Te pones de pie nuevamente y caminas al baño, pero te desvías hasta la cristalería. Vuelves a llamar desde el teléfono, Yoshi no responde. Descubres entre la alacena de barniz oscuro una manzana empapada en un plato de plástico. Te sirves, deglutes con suavidad. Tomas una copa de coñac a medias y bebes hasta la última gota. “Hoy me siento Dios ¿Un dios enamorado? Mortal y triste, deseo celebrar y beber, pero también morir, Ariadna y él, Ariadna y Blacker...”. Bebes, finalmente, de la botella verde y te refugias en la cocina, al margen de todos, lejos de la mirada de él y de Ariadna. Espías desde lejos. Ambos se miran y se abrazan, se desgreñan como bestias en una sombra del jardín.
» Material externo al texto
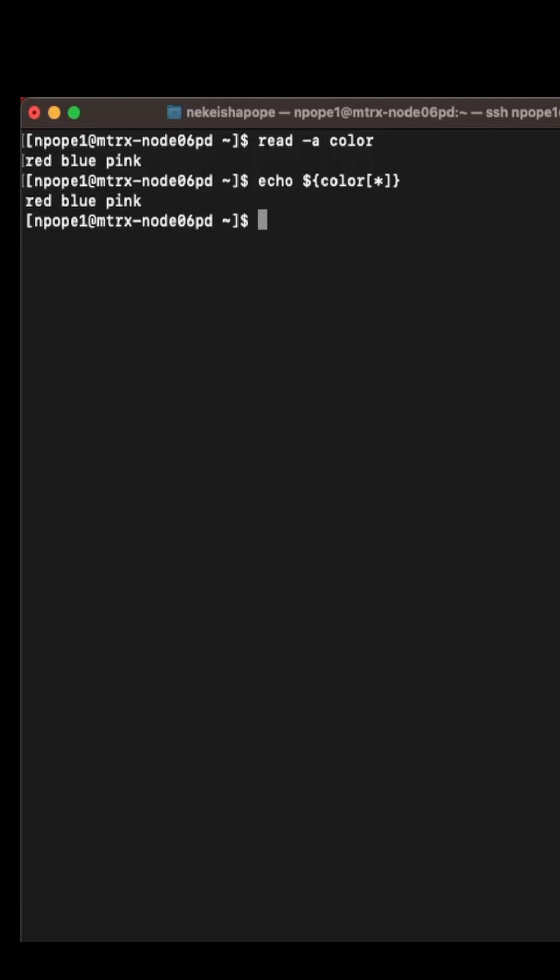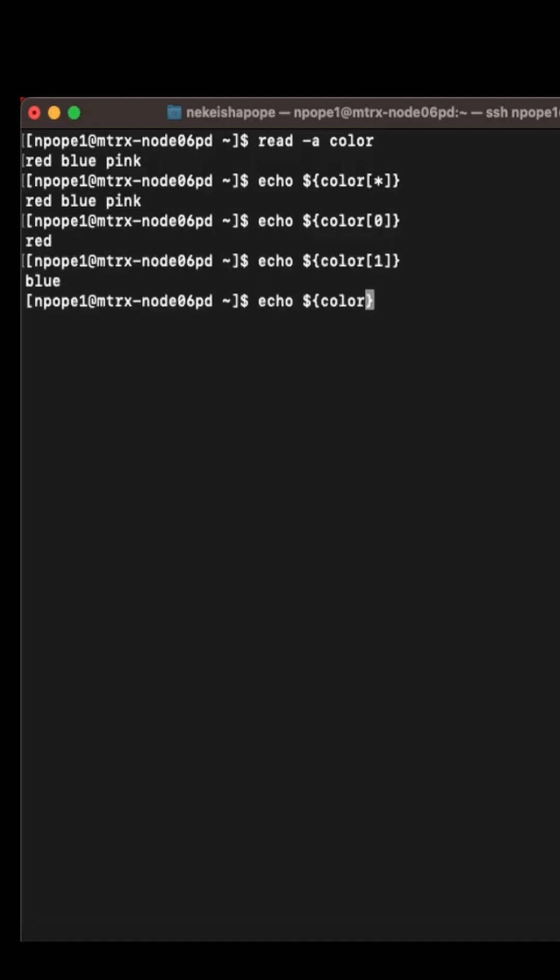You can also print the first element in the array. I want element zero and I get back red. You can also get back the value in an array using the colon. So you can say color colon zero and you get back the first element in the array.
El corazón te bailotea y un hervor quiebra tu garganta, centenas de hormigas desfilan por tu brazo como en una procesión de ánimas. Piensas en aquella diosa musical y en el candil de sus ojos. Boqueas el humo del cigarro y finges permanecer indiferente. Cierras los ojos con pesadez para expulsarla de tu mente como una tromba de sangre desde la yugular. Todos te miran. Tanteas la velocidad de los latidos que martillan tu pecho. El sobre cerrado de la clínica, te ignoran, asoma en tus retinas al lado de una vela junto al cuerpo yerto de Yoshi. No lo has abierto aún. Lo abrirás mañana.
–Has bebido demasiado –espeta Frank.
– ¿Quién puede llevarlo a su casa? ¿Dónde está Charles? –interroga Pardo, sin ocultar su repugnancia.
Todos guardan silencio y la mayoría empieza a tomar distancia.
–Mil perdones –dices –sé que me he excedido, que tengo la culpa por haber venido.
La lectura de un libro no puede remover el espíritu de un hombre. El mareo amaina súbitamente y un golpe seco trona en tu cráneo. Risas.
Un halo cubre tu cabeza filuda y ágiles insectos hacen círculos sobre su cuerpo. “A la mierda con todo. Debo ser un libro bastante ridículo”.
Vuelves a casa. No te encumbras con una victoria, tocas los nubarrones del otoño. Yoshi entreabre los ojos. El fuego prende en tus entrañas, un atisbo de incomodidad se proyecta en tu mirada. Ella raspa el aire como un fantasma. Gruñe, silba. Dudas, aprietas los dientes, miras su rostro ceñudo, le das su medicina. No obstante, se agita, ruge como un animal, te recrimina por haber llegado tan tarde y bebido, pero te pregunta cómo te fue. Se cubre para volverse a dormir, se resiste a hablar. Te apartas. Escribes sobre la jornada. Cierras el cuaderno lentamente y no dejas de pensar en la dama del violín azul, en tu suerte, en su hechizo y en tu comportamiento errático de esta noche, en el reportaje que ya no entregarás al editor de la sección cultural. Sobre tu cómoda yacen los avances de tu trabajo y aquel enigmático sobre carta de la clínica, que aún no te has atrevido a abrir.